LinuxCNC can run on many different hardware platforms and with many different realtime kernels, and they all may benefit from tuning for optimal latency.

A primary goal in tuning the system for LinuxCNC is to reserve a CPU for the exclusive use of LinuxCNC’s realtime tasks, so that other tasks (both user programs and kernel threads) do not interfere with LinuxCNC’s access to that CPU.

When specific tuning options are believed to be universally helpful LinuxCNC does this tuning automatically at startup, but many tuning options are machine-specific and cannot be done automatically. The person installing LinuxCNC will need to experimentally determine the optimal tuning for their system.

3.1. Tuning the BIOS for latency

PC BIOSes vary wildly in their latency behavior.

Tuning the BIOS is tedious because you have to reboot the computer, make one small tweak in the BIOS, boot Linux, and run the latency test (potentially for a long time) to see what effects your BIOS change had. Then repeat for all the other BIOS settings you want to try.

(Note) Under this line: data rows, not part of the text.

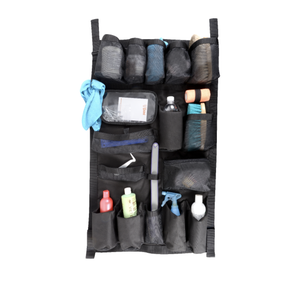 Cashel Trailer Door Organizer Full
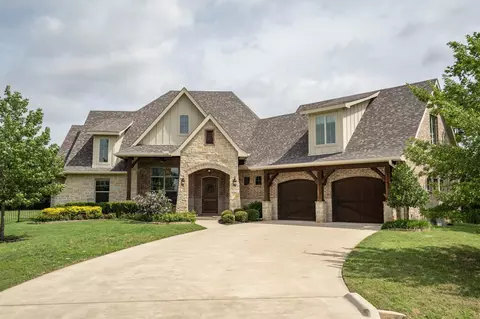 3804 Consolvo Dr, Flower Mound, TX 75022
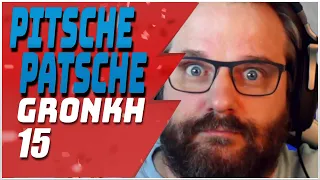 EIN HELLER STERN 😁 Pitsche Patsche Gronkh 15 [TWITCH CLIPS]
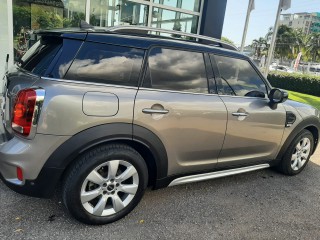 2020 Mini Countryman for sale in Kingston / St. Andrew, Jamaica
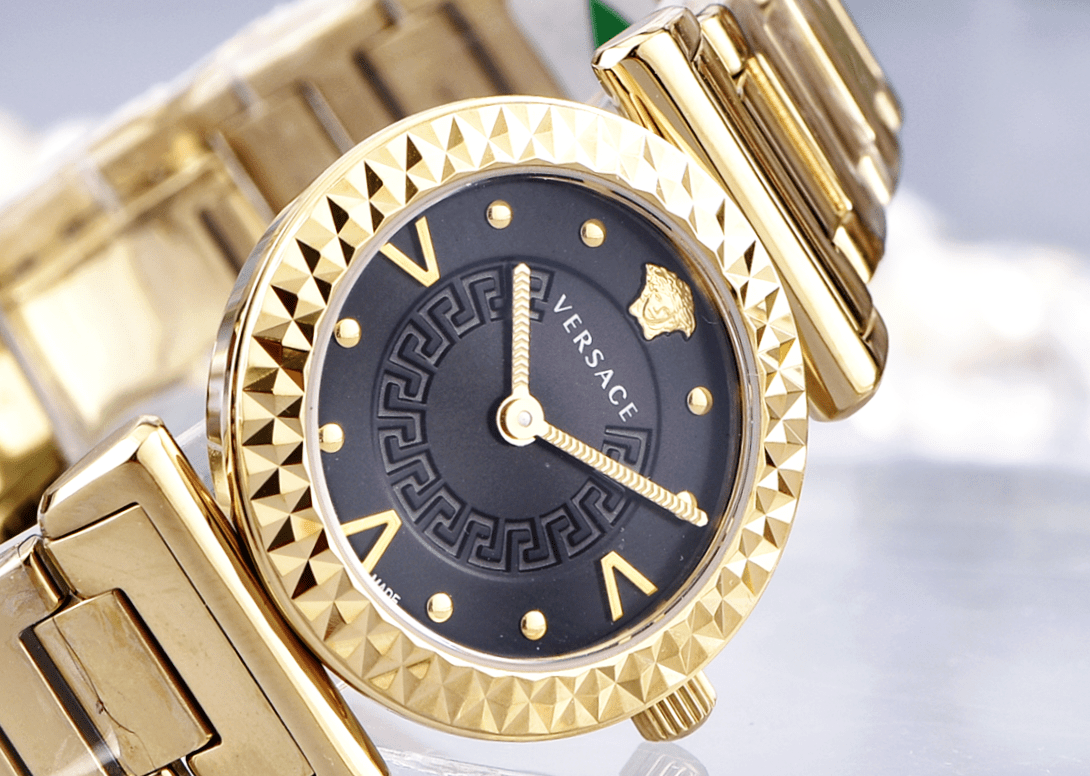 Mini Vanity - L&M Luxury Timepieces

Because BIOSes are all different and non-standard, providing a detailed BIOS tuning guide is not practical. In general, some things to try tuning in the BIOS are:

Disable ACPI, APM, and any other power-saving features. This includes anything related to power saving, suspending, CPU sleep states, CPU frequency scaling, etc.
Disable CPU "turbo" mode.
Disable CPU hyperthreading.
Disable (or otherwise control) System Management Interrupt (SMI).
Disable any hardware you do not intend to use.

3.2. Tuning Preempt-RT for latency

The Preempt-RT kernel may benefit from tuning in order to provide the best latency for LinuxCNC. Tuning may be done via the kernel command line, sysctl, and via files in /proc and /sys.

Some tuning parameters to look into:

Kernel command line

Details here: https://www.kernel.org/doc/Documentation/admin-guide/kernel-parameters.txt

isolcpus: Prevent most non-LinuxCNC processes from using these CPUs, leaving more CPU time available for LinuxCNC.
irqaffinity: Select which CPUs service interrupts, so that the CPUs reserved for LinuxCNC realtime don’t have to perform this task.
rcu_nocbs: Prevent RCU callbacks from running on these CPUs.
rcu_nocb_poll: Poll for RCU callbacks instead of using sleep/wake.
nohz_full: Disable clock tick on these CPUs.

Sysctl

Details here: https://www.kernel.org/doc/html/latest/scheduler/sched-rt-group.html

sysctl.kernel.sched_rt_runtime_us: Set to -1 to remove the limit on how much time realtime tasks may use.